#### The problem
Restate, word for word and with no pictures, the stretch of lines in the data below that begins at the line with "DEWALT DEW-DWA412TCT 4" and ends at the line with "piruletas sara Tarta", inclusive.

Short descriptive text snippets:
______
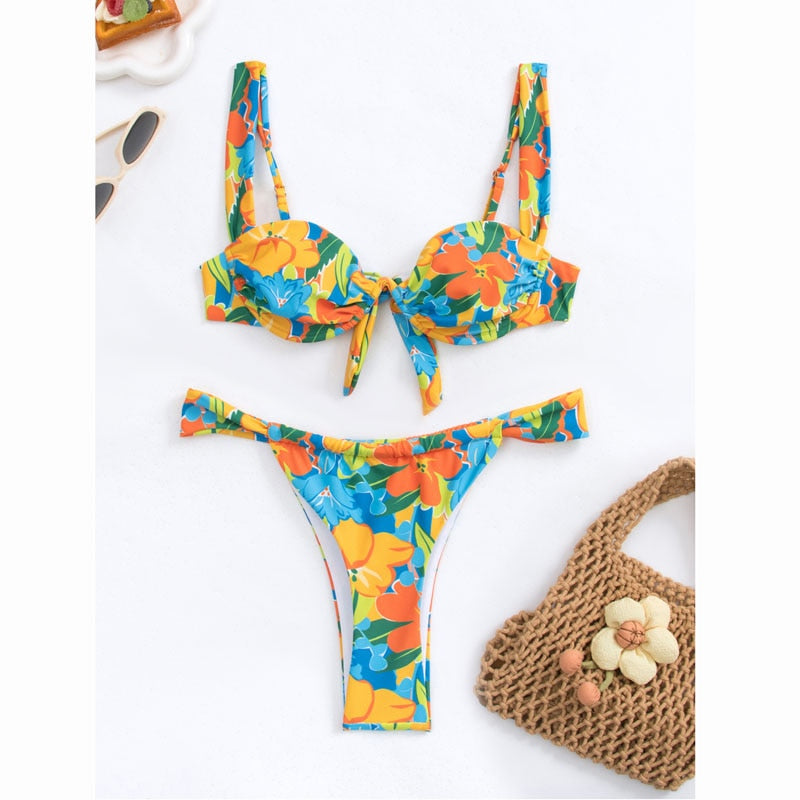 Bikinis mit Bügel, sexy String-Tanga-Badeanzug, Damen-Bademode, Blumenmuster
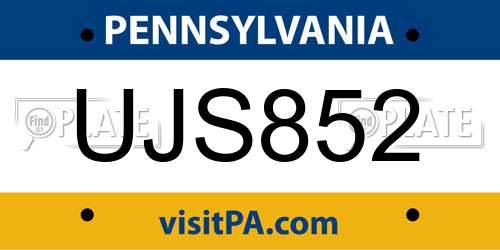 UJS852 Pennsylvania License Plate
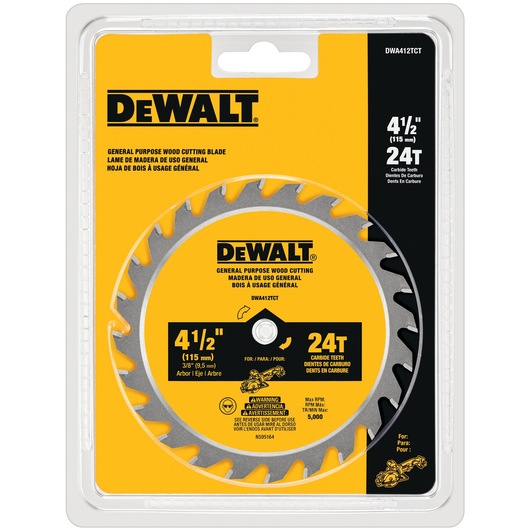 DEWALT DEW-DWA412TCT 4 1/2 x 24T TCT Circular Saw Blade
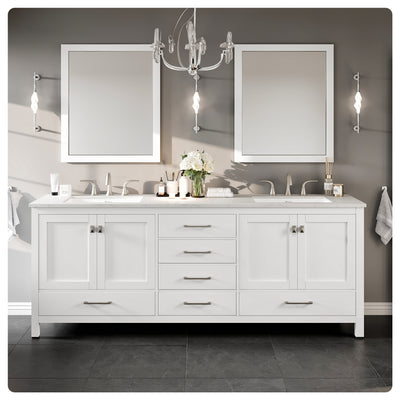 Aberdeen 84"W x 22"D White Double Sink Bathroom Vanity with White Carrara Quartz Countertop and Undermount Porcelain Sinks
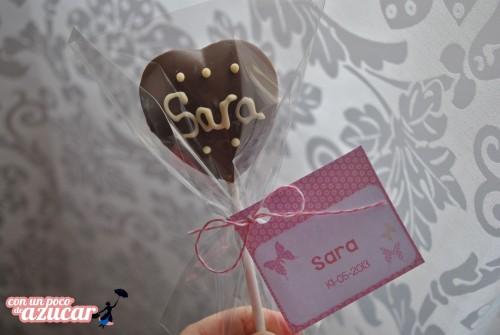 piruletas sara Tarta y piruletas para la comunión de Sara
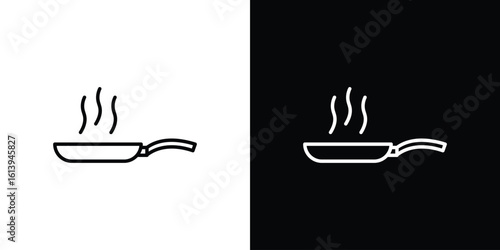 Frying pan icon logo vector designs. icon set in a black and white strokes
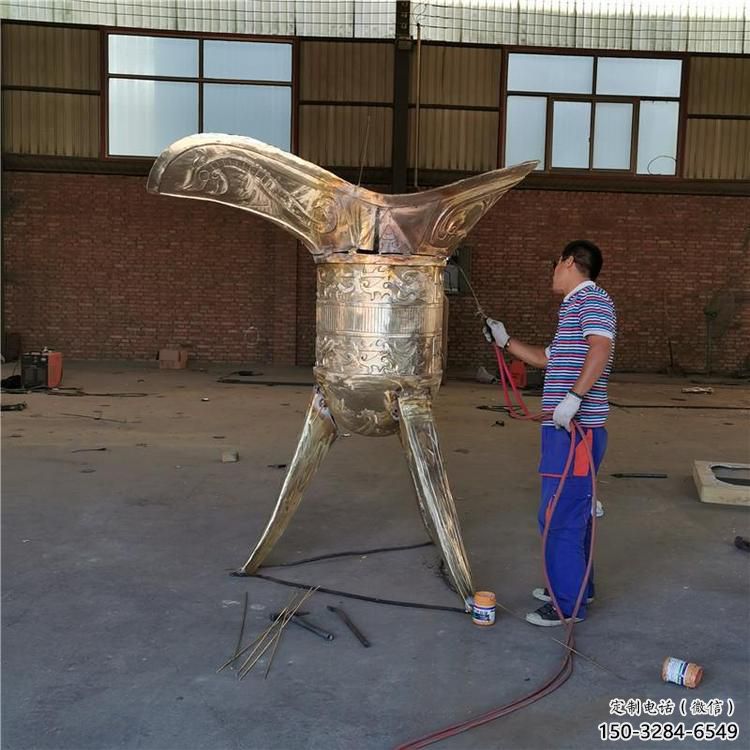 噴漆酒尊雕塑 中式村口酒尊杯雕塑 草地酒器雕塑 噴漆酒尊雕塑 中式村口酒尊杯雕塑 草地酒器雕塑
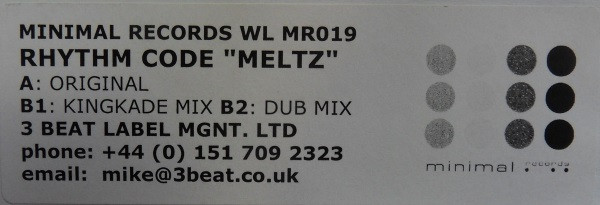 Rhythm Code - Meltz | Minimal Records (MR 019)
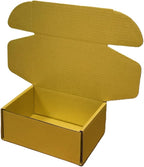 50 Pcs 4.3 x 3.1 x 2 inches Mini Size Corrugated Cardboard Gift Boxes Recyclable Shipping Boxes for Packing Jewelry Ornament Gift Craft Packaging Supplier (Gold, 4.3 x 3.1 x 2")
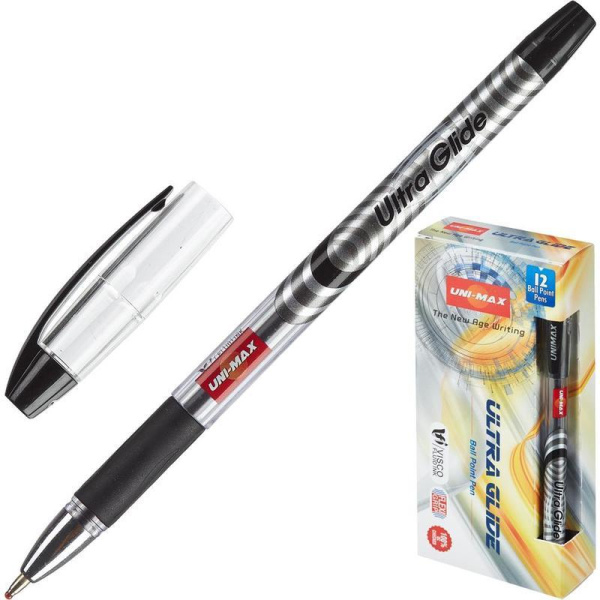 Ручка шариковая Unimax Ultra Glide черная (толщина линии 0.8 мм)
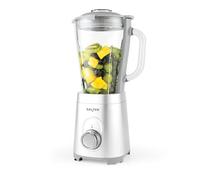 Salter Aspen Blender Mixeur Électrique 600W, Bol en Verre Amovible 1,5L, Parfait pour Smoothies, 2 Réglages de Vitesse et Pulse, Lame en Acier Inoxydable, Nettoyage facile, Argent,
______
#### Answer space
 DEWALT DEW-DWA412TCT 4 1/2 x 24T TCT Circular Saw Blade
 Aberdeen 84"W x 22"D White Double Sink Bathroom Vanity with White Carrara Quartz Countertop and Undermount Porcelain Sinks
 piruletas sara Tarta y piruletas para la comunión de Sara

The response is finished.